Ya Rilke en sus conocidas
“Cartas” afirma que el escritor escribe porque no puede vivir sin ello. No
obstante, muy lejos de despejar el horizonte del creador literario sólo hizo
que abrir de par en par la puerta de acceso a magnitudes infinitas de algo muy
cercano a la esclavitud de un ser hasta ese instante libre. De ello para acá, a
cada palabra y cuánto más se toma conciencia del Acto Creativo más amarrado y
temeroso se siente el Escritor. Es decir, lo que en labios de Montale no es
otra cosa que “un defecto de carácter que
se lleva con temor”. De tal forma que una huella distintiva de lo auténtico
(de lo verdad) en Literatura se concreta en la virtud de superación de ese
miedo a morir para renacer en el papel. Planteado así, sería una necedad
incalculable negarle dolor al acto creativo literario, aunque quedaría anclado
en una simple pose si nos detuviésemos aquí, véase a esos “oficiantes” de la
depresión insondable que semejan ir o venir de sus velorios, sobre todo poéticos,
enfundados siempre en su profiláctico trágico. No menos peripatética es la
insulsa ejecución de ese remedo consistente en “juntar por juntar” palabras
“bonitas” con motivo de una bisutería sensiblera y pacata.

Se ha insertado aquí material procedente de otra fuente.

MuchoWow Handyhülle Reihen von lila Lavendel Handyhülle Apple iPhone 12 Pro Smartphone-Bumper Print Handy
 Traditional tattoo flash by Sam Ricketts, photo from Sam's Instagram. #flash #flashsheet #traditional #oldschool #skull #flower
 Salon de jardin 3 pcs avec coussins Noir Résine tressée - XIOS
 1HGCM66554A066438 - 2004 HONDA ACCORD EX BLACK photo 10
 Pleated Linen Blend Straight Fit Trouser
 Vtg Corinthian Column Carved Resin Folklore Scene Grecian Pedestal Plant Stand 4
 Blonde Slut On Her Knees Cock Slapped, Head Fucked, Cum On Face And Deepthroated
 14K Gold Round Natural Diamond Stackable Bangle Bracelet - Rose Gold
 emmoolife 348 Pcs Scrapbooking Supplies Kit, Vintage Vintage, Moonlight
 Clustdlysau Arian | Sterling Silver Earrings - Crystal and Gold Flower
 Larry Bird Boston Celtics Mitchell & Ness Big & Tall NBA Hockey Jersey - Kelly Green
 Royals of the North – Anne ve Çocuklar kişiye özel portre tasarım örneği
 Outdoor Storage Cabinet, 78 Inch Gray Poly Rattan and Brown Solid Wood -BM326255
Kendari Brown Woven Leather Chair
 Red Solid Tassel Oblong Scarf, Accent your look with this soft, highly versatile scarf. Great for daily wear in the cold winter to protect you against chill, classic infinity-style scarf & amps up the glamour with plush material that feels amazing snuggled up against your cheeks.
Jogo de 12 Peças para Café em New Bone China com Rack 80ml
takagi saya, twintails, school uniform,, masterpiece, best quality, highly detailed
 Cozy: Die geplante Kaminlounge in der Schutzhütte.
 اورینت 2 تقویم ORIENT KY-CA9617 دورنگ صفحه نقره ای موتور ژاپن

Así, Escribir es una suerte de equilibrio entre
los máximos extremos humanos: nacer y morir, morir y nacer. La grandeza de la
literatura reside en la belleza como valor absoluto, y gestar y parir belleza
siempre tuvo un alto precio en vida, soledad, esfuerzo, salud y compromiso del
cual sale peor parada la parte más humana del autor. Por consiguiente, nada es
sencillo en orbe literario para nuestra diminuta condición perecedera aunque
sólo desde ella pueda ver la luz la obra de arte y la única razón irrefutable
del denuedo imprescindible resida en que no se pueda vivir en su ausencia.